Quarta-feira, estádio Beira-Rio, em Porto Alegre. Jogam Inter x Boca Juniors, da Argentina, pela Copa Sul-Americana.O Boca entalado na garganta dos colorados, que , masoquistas, não se cansam de lembrar da desclassificação na mesma copa pelo mesmo Boca no ano passado, num jogo que o Inter perdeu de virada por 4x2. E a virada, no futebol, é cruel - amargura, entristece, faz lacrimejar os perdedores e , pior de tudo, traz sempre a possibilidade do “Se...” o que prolonga a dor da derrota por muito mais tempo. Novamente contra o Boca Juniors, o grande time da Argentina, o dono do caldeirão sempre fervente em forma de estádio chamado
La Bombonera, mais temido e admirado que qualquer outro local de prática esportiva na América Latina.
Jogo contra time argentino sempre é difícil, estudado, brigado, catimbado, geralmente decidido no detalhe , no descuido mínimo do adversário E esse não era diferente; o Boca marcando bem, a defesa parando os atacantes colorados, que quando conseguiam escapar não davam perigo ao goleiro Abbondazieri, titular da seleção argentina. Segundo tempo começa, o jogo continua o mesmo, dessa vez com um o Boca ameaçando mais nos contra ataques. Passa os 30 minutos e o cansaço dos dois times passa a criar brechas nas defesas. Falta para o Inter, bola na área, Fernandão - o grande , literalmente, ídolo colorado – cabeceia pertinho do gol, mas por cima. Falta na entrada da área do Inter, 43 minutos, Delgado cobra com jeito, por cima da barreira, no canto direito do goleiro colorado Clemer, que dá um salto e joga a bola para escanteio, numa linda defesa, estupenda até.
O futebol, em sua magia que desperta as mais variadas formas de um único sentimento chamado paixão, não é o esporte mais popular do mundo por acaso. É especial, uma junção de pessoas desconhecidas entre si mas que , nesse mundo à parte feito por gente de coração forte, se torna unida umbilicalmente, tão suscetíveis a sentimentos fortes que quando são tocados em seu íntimo por um gol, explodem, gritam, pulam, saem de si em instantes que o tempo para e só volta a andar quando todo esse êxtase é diluído em doses homeopáticas de realidade extra-campo, de uma vida real que o futebol insiste em não querer fazer parte para poder, assim, fazer o que bem entender com a sua vida.

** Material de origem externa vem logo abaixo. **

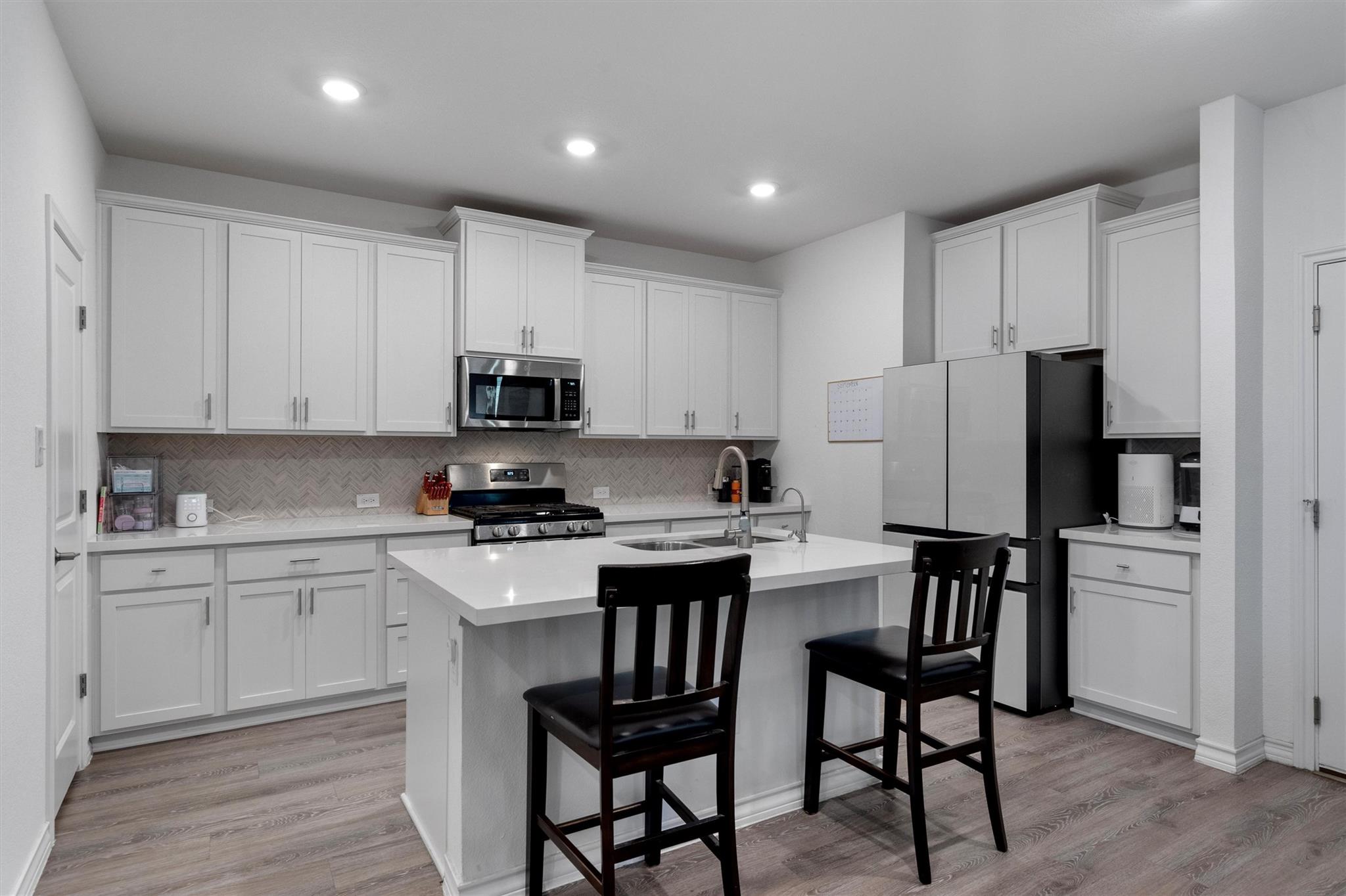 102 Gracie Way, Hutto, TX 78634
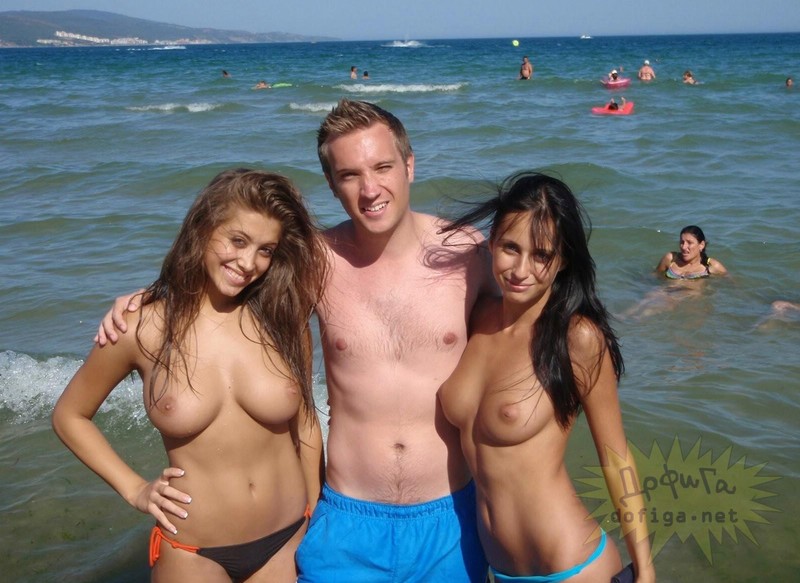 ヌーディストビーチで乳丸出しな素人外国人のエロ画像 1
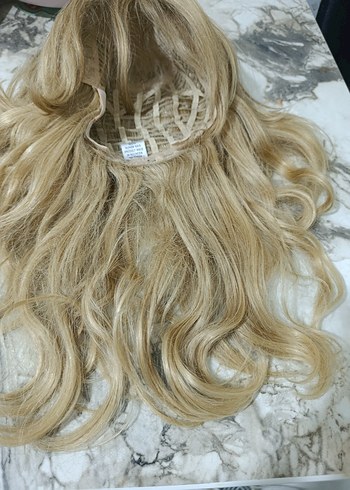 peruk saç uygulamdn aldım gerçek saç yazıyor,çok güzel bir renk - Görsel 3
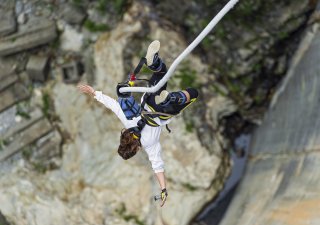 Bungee jumping, ilustrační foto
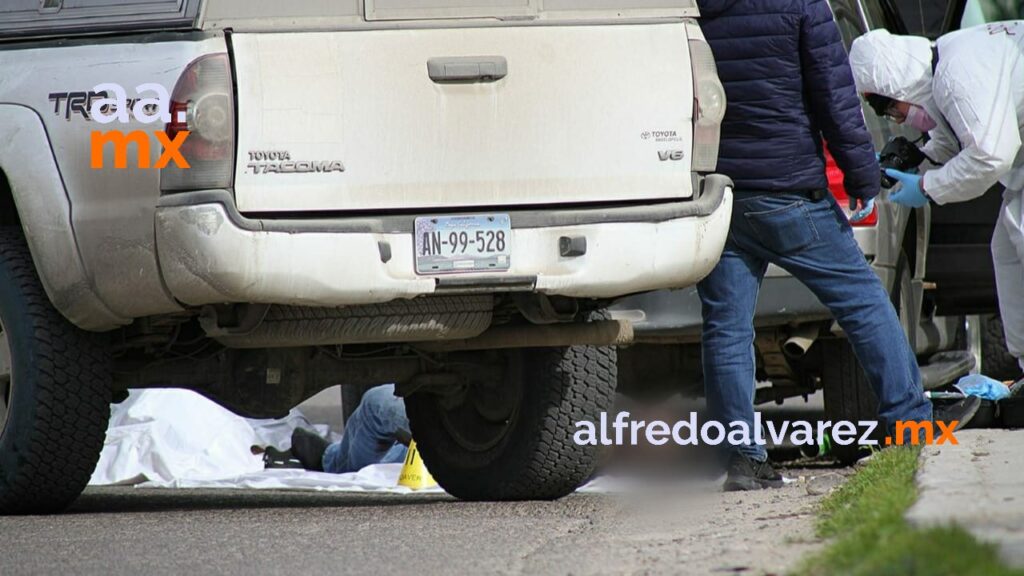 DEJAN DOS CADáVERES EN VEHíCULO CON MENSAJE EN PARABRISAS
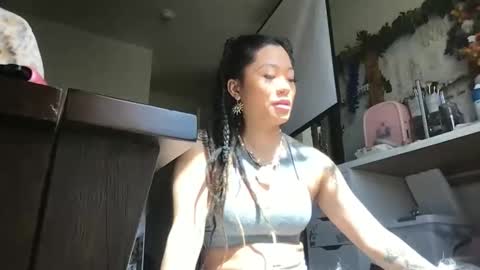 Snapshot of lovelyxmacii chatting on 03/15/26, 07:42 lovelyxmacii online show from 03/15/26, 07:42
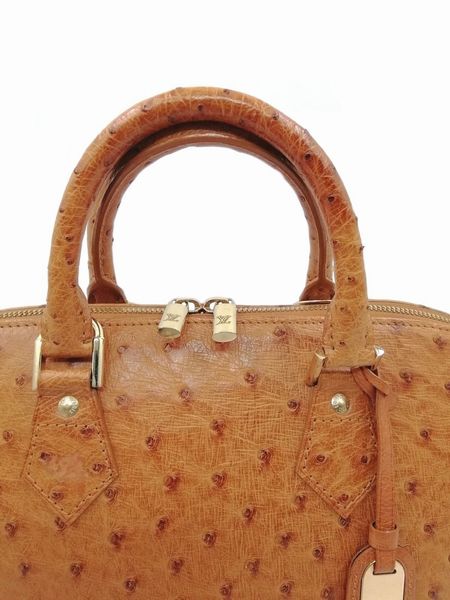 Vuitton Louis : Alma Bag.  - Asta 04/05/2023 | FASHION LUXURY - ALTA MODA, BORSE E ACCESSORI DI LUSSO Online - Associazione Nazionale - Case d'Asta italiane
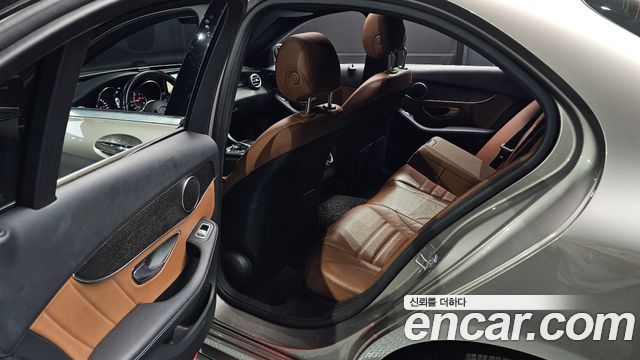 Mercedes-Benz C-Class (W205) C220 d 4MATIC AMG Line 2019 — фото 12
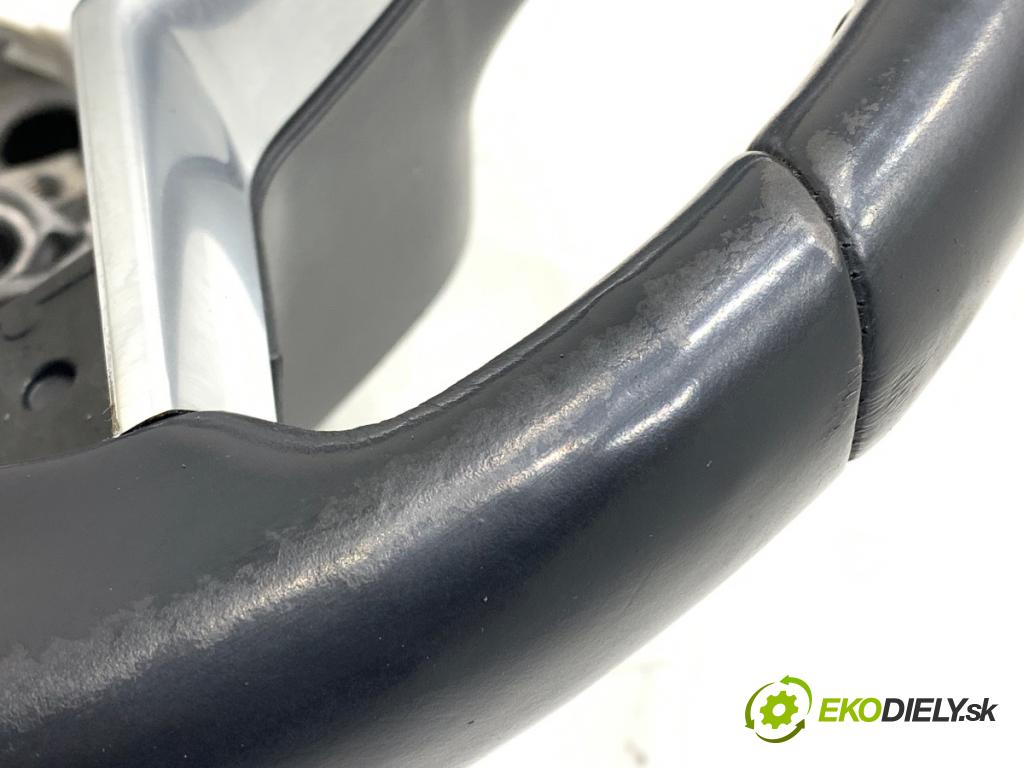 NISSAN X-TRAIL III (T32_, T32R, T32RR) 2013 - 2022    1.6 DIG-T (T32) 120 kW [163 KM] benzyna 2015 - 2022  Volant  (Volant)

Aos 45 minutos, o juiz anunciava três minutos de desconto. A torcida colorada ainda acreditava na vitória, lá no fundo, mas já começava a se conformar com o 0 x 0, afinal, é o Boca, mesmo sendo difícil no jogo de volta dá para se tentar a vitória, nem tudo está perdido. E essa conformação fez com que o êxtase causado pelo gol marcado, que viria logo a seguir, no último lance da partida, se tornasse ainda maior, algo completamente indescritível na nossa realidade, talvez sendo possível na outra, a que o futebol é lei e rei e que nós somos súditos fiéis ansiosos por mais pão e circo.
Aos 48 minutos e 22 segundos, uma falta longe da área, bola levantada, o atacante colorado Rafael Sobis desvia de cabeça, engana os zagueiros que estavam acompanhando a bola, Fernandão chega como uma flecha na frente de todos, sozinho, e quase de carrinho, com a perna esquerda, toca para o fundo das redes. Termina o jogo, vitória do Inter.
Ainda há outro jogo, o da volta, na Bombonera. O Inter pode até não se classificar, mas esse jogo, essa vitória, esse êxtase de me fazer ficar horas depois do jogo escutando os comentários nas rádios, olhando os lances na TV, os comentários dos torcedores e no outro dia ler tudo sobre o jogo nos jornais, essa agradável satisfação que essas coisas trazem ninguém vai me tirar. E , por essas e outras, é que eu não entendo como alguém pode não gostar de futebol.